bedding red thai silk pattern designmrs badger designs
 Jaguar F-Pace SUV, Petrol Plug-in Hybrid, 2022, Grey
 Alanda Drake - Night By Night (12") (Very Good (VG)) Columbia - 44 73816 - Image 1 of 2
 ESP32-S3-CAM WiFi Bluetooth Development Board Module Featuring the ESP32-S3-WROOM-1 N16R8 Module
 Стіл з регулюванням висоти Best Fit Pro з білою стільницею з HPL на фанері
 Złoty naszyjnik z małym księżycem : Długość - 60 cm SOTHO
--------------------------------------------------
Task
Exactly as they stand above, retype all of the records.

Solution for this task
bedding red thai silk pattern designmrs badger designs
 Jaguar F-Pace SUV, Petrol Plug-in Hybrid, 2022, Grey
 Alanda Drake - Night By Night (12") (Very Good (VG)) Columbia - 44 73816 - Image 1 of 2
 ESP32-S3-CAM WiFi Bluetooth Development Board Module Featuring the ESP32-S3-WROOM-1 N16R8 Module
 Стіл з регулюванням висоти Best Fit Pro з білою стільницею з HPL на фанері
 Złoty naszyjnik z małym księżycem : Długość - 60 cm SOTHO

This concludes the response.